Verified as described using pushbuild logs. Not repeatable on support machine.
[22 Mar 2010 12:24] Daniel Fischer
It's not a pushbuild bug, but there are bugs in almost everything else contributing to the test failure. This is what happens, as far as I understand it:

- During configure, we test whether socket timeouts work by creating an INET domain STREAM socket and trying to set SO_SNDTIMEO and SO_RCVTIMEO on it. If either of these calls to setsockopt() fails, timeouts are understood as being unsupported.
 
- Opensolaris 2009.06 (aka snv111b), which pushbuild runs, supports these timeouts on this type of socket, and hence, configure will set up the build so that socket timeouts are used instead of the more expensive alarm() based mechanism.

- Opensolaris up to at least snv101b (2008.11, tested in VBox) and Solaris 10 and below did not support these timeouts, and hence the alarm() based mechanism was used. According to Sveta, the support machine she mentioned above also runs snv101b. This explains why the test case doesn't fail there. (The test can still fail under very high load if it takes more than 30 seconds for the timeout to be noticed, and this has happened in the past as far as I know, but it doesn't fail consistently as it does on snv111b.)

- The main.wait_timeout test case tests timeouts on a UNIX domain STREAM socket, which we technically don't reliably know to work because there is no build-time test for this situation and no guarantee that socket timeouts are supported on all socket types when they are supported on one type. 

- A modified test case testing TCP socket timeouts (by replacing "localhost" with "127.0.0.1" as a quick hack) passes on snv111b.

- Setting timeouts on UNIX domain sockets with code similar to what we use in the configure test  on one of the snv machines pushbuild uses was accepted by the OS and no error was returned.

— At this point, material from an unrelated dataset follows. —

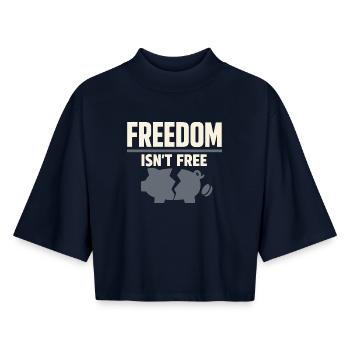 Selbstständiger Freiberufler Steuerhumor 1099 Life - Boxy Frauen Recyceltes 1/2 Sleeved T-Shirt by Stanley/Stella - Navy - Vorne - AI Model Female 172 light (172cm)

- Interestingly, retrieving the timeout values directly after setting them resulted in random garbage with a high number of zeroed-out results, but never the 2 second value that the test tries to set.

So we have bugs in Opensolaris (broken UNIX domain socket timeouts), our test suite (testing timeouts on wrong socket type), our configure script (only testing TCP timeouts and assuming that other socket types will be the same), and mysqld's general idea of how to implement socket timeouts (not differentiating between socket types).

There are multiple possible fixes. The most correct one, but unfortunately the one that is the most effort, is probably differentiating correctly between TCP sockets and UNIX domain sockets, testing timeout capabilities for both, and using socket timeouts only on sockets where they are known to be supported. The test also would have to verify that the timeout has been set using getsockopt() to work around the OpenSolaris bug. Technically, Opensolaris is just the first platform we found where the assumption that socket timeouts will work on UNIX domain sockets if they work on TCP sockets is wrong, and the same could happen on other platforms. I'm setting the category to "Server: General" because this fix would mostly touch the server source.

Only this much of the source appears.